Il en va donc du péril climatique et environnemental comme des autres vices majeurs de notre système - le désengagement des employés, la pression sur notre système de protection sociale, la négligence des territoires. Ils ne peuvent être corrigés efficacement par des entreprises structurellement obsédées par la performance financière.
Il nous faut donc une transformation existentielle, l’émancipation de l’entreprise de la domination de l’actionnaire, et la naissance en elle d’une volonté autonome d’agir selon son intérêt propre, un intérêt déterminé dynamiquement au travers de la concertation régulière de l’ensemble de ses parties prenantes, au premier rang desquelles la planète. Attention cette émancipation doit être réelle, il faut non seulement une gouvernance équilibrée, mais il faut aussi la libérer de son objectif statutaire de maximiser le profit. Il faudra donc redéfinir le contrat qui lie l’entreprise et son investisseur en capital, en y instituant une relation de client à fournisseur. L’investisseur est le fournisseur d’une ressource essentielle de l’entreprise, il peut demander une rémunération satisfaisante mais l’entreprise doit pouvoir contrôler contractuellement cette dernière.

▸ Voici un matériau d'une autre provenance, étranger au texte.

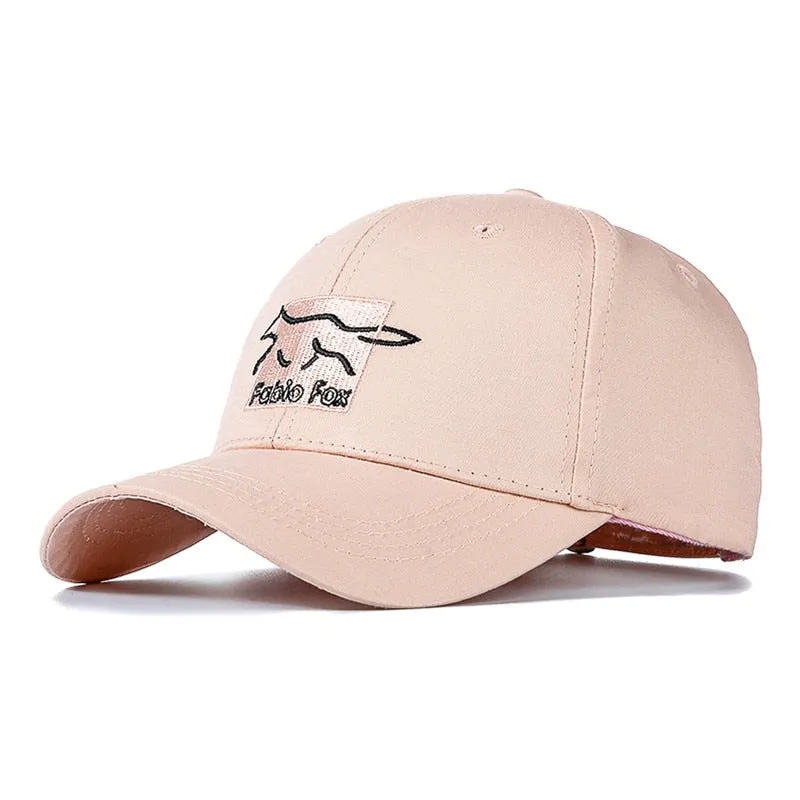Brand Stylish Cotton Hats For Women Fashion Kpop Style Fox Animal Embroidery Baseball Cap Female Outdoor Popular Hat Cap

Ce ne sera pas le plus facile, mais à bien y réfléchir c’est déjà le cas pour la ressource financière externe la plus importante en volume, c’est-à-dire l’endettement. On demandera donc à l’infrastructure financière de mettre à disposition des entreprises une ressource financière « junior » non hégémonique.
Une fois cette étape franchie comment faire s’exprimer la planète dans l’organe de gouvernance d’une entreprise émancipée ?
On peut déjà compter sur les parties prenantes non financières, employés, territoires, système de protection sociale, pour faire valoir, au travers de leur intérêt propre, celui de la planète. Voyez le projet Jéroboam, initiative originale des syndicats CGT et CFE CGC à l’occasion de la mise en bourse de Verallia, gros producteur de bouteilles en verre. Au premier rang des propositions avancées, l’adoption d’un statut d’entreprise à mission, avec une mission centrée sur l’amélioration de la performance environnementale des produits et processus de production… Mais il pourra être nécessaire de mettre en place une représentation plus directe des enjeux planétaires, s’assurer de la présence dans l’organe de gouvernance d’un représentant qualifié, aux cotés peut-être d’un représentant de l’autre grand absent des conseils d’administration, notre système de protection sociale.
Ainsi nous mettrons fin à ces stratégies et plans d’affaires dépassés qui négligent, pour ne pas dire parfois maltraitent, employés, territoires, politiques et planète pour satisfaire les actionnaires. Ils céderont la place à des projets d’entreprise consensuels, qui replaceront en leurs centres les enjeux sociétaux, environnementaux et humains, en s’assurant bien sûr - mais cela doit être une disposition contractuelle, plutôt qu’un objectif statutaire -, d’offrir une rentabilité satisfaisante, plutôt que maximale, à des investisseurs responsables.
L’avenir de notre système, et celui de la planète, ce n’est plus la course à la valeur financière, c’est l’émancipation de l’entreprise.